[[ Provided records open ]]

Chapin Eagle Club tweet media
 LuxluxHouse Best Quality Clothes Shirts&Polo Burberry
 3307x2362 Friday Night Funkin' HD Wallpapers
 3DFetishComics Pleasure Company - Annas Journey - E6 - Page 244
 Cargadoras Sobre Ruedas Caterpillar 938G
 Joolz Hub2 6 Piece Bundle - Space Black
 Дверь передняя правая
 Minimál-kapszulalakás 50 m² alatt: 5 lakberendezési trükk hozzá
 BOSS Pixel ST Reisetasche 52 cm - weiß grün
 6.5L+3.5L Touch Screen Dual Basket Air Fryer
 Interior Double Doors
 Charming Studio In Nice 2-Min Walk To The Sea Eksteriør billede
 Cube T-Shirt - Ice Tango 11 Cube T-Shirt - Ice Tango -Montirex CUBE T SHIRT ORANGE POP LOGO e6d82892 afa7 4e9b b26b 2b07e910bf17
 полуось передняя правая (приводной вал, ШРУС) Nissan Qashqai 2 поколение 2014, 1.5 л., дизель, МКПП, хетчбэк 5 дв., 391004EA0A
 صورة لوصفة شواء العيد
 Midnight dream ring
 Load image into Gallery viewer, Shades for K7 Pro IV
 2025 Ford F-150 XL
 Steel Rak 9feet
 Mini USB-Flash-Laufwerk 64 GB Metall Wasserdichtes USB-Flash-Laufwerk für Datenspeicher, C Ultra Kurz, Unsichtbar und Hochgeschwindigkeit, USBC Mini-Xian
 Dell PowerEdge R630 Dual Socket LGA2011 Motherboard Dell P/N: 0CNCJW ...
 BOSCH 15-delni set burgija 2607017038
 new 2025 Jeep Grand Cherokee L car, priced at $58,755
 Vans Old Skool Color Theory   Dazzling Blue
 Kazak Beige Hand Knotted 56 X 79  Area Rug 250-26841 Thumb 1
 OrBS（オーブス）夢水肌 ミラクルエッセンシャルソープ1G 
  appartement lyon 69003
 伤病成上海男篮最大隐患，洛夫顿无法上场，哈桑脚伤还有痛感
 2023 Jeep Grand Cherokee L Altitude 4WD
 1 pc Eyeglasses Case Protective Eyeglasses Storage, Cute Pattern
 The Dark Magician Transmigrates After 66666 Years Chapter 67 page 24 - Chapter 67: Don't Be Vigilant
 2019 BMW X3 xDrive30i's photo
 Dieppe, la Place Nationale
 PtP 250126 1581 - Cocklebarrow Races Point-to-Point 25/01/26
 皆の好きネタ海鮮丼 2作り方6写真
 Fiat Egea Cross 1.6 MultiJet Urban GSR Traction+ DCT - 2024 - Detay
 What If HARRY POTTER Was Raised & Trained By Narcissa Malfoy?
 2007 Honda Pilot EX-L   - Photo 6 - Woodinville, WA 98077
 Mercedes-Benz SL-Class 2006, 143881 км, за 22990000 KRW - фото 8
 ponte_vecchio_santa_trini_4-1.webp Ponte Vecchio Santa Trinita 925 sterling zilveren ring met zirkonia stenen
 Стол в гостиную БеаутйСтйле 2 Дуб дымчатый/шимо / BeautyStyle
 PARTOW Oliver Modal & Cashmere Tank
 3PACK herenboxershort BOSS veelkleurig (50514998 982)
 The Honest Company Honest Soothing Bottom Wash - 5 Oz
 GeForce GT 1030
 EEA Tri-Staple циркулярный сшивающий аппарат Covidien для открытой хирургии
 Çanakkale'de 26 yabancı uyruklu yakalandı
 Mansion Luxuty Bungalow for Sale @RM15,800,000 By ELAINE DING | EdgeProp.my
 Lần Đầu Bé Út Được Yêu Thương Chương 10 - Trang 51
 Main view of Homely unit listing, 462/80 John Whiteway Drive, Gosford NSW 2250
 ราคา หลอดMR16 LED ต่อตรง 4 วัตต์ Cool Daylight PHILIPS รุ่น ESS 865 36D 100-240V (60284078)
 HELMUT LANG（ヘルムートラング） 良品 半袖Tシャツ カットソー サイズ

[[ Provided records closed ]]

→ Task to carry out
Retype all the records, matching them exactly.

→ Result of the exercise
Chapin Eagle Club tweet media
 LuxluxHouse Best Quality Clothes Shirts&Polo Burberry
 3307x2362 Friday Night Funkin' HD Wallpapers
 3DFetishComics Pleasure Company - Annas Journey - E6 - Page 244
 Cargadoras Sobre Ruedas Caterpillar 938G
 Joolz Hub2 6 Piece Bundle - Space Black
 Дверь передняя правая
 Minimál-kapszulalakás 50 m² alatt: 5 lakberendezési trükk hozzá
 BOSS Pixel ST Reisetasche 52 cm - weiß grün
 6.5L+3.5L Touch Screen Dual Basket Air Fryer
 Interior Double Doors
 Charming Studio In Nice 2-Min Walk To The Sea Eksteriør billede
 Cube T-Shirt - Ice Tango 11 Cube T-Shirt - Ice Tango -Montirex CUBE T SHIRT ORANGE POP LOGO e6d82892 afa7 4e9b b26b 2b07e910bf17
 полуось передняя правая (приводной вал, ШРУС) Nissan Qashqai 2 поколение 2014, 1.5 л., дизель, МКПП, хетчбэк 5 дв., 391004EA0A
 صورة لوصفة شواء العيد
 Midnight dream ring
 Load image into Gallery viewer, Shades for K7 Pro IV
 2025 Ford F-150 XL
 Steel Rak 9feet
 Mini USB-Flash-Laufwerk 64 GB Metall Wasserdichtes USB-Flash-Laufwerk für Datenspeicher, C Ultra Kurz, Unsichtbar und Hochgeschwindigkeit, USBC Mini-Xian
 Dell PowerEdge R630 Dual Socket LGA2011 Motherboard Dell P/N: 0CNCJW ...
 BOSCH 15-delni set burgija 2607017038
 new 2025 Jeep Grand Cherokee L car, priced at $58,755
 Vans Old Skool Color Theory   Dazzling Blue
 Kazak Beige Hand Knotted 56 X 79  Area Rug 250-26841 Thumb 1
 OrBS（オーブス）夢水肌 ミラクルエッセンシャルソープ1G 
  appartement lyon 69003
 伤病成上海男篮最大隐患，洛夫顿无法上场，哈桑脚伤还有痛感
 2023 Jeep Grand Cherokee L Altitude 4WD
 1 pc Eyeglasses Case Protective Eyeglasses Storage, Cute Pattern
 The Dark Magician Transmigrates After 66666 Years Chapter 67 page 24 - Chapter 67: Don't Be Vigilant
 2019 BMW X3 xDrive30i's photo
 Dieppe, la Place Nationale
 PtP 250126 1581 - Cocklebarrow Races Point-to-Point 25/01/26
 皆の好きネタ海鮮丼 2作り方6写真
 Fiat Egea Cross 1.6 MultiJet Urban GSR Traction+ DCT - 2024 - Detay
 What If HARRY POTTER Was Raised & Trained By Narcissa Malfoy?
 2007 Honda Pilot EX-L   - Photo 6 - Woodinville, WA 98077
 Mercedes-Benz SL-Class 2006, 143881 км, за 22990000 KRW - фото 8
 ponte_vecchio_santa_trini_4-1.webp Ponte Vecchio Santa Trinita 925 sterling zilveren ring met zirkonia stenen
 Стол в гостиную БеаутйСтйле 2 Дуб дымчатый/шимо / BeautyStyle
 PARTOW Oliver Modal & Cashmere Tank
 3PACK herenboxershort BOSS veelkleurig (50514998 982)
 The Honest Company Honest Soothing Bottom Wash - 5 Oz
 GeForce GT 1030
 EEA Tri-Staple циркулярный сшивающий аппарат Covidien для открытой хирургии
 Çanakkale'de 26 yabancı uyruklu yakalandı
 Mansion Luxuty Bungalow for Sale @RM15,800,000 By ELAINE DING | EdgeProp.my
 Lần Đầu Bé Út Được Yêu Thương Chương 10 - Trang 51
 Main view of Homely unit listing, 462/80 John Whiteway Drive, Gosford NSW 2250
 ราคา หลอดMR16 LED ต่อตรง 4 วัตต์ Cool Daylight PHILIPS รุ่น ESS 865 36D 100-240V (60284078)
 HELMUT LANG（ヘルムートラング） 良品 半袖Tシャツ カットソー サイズ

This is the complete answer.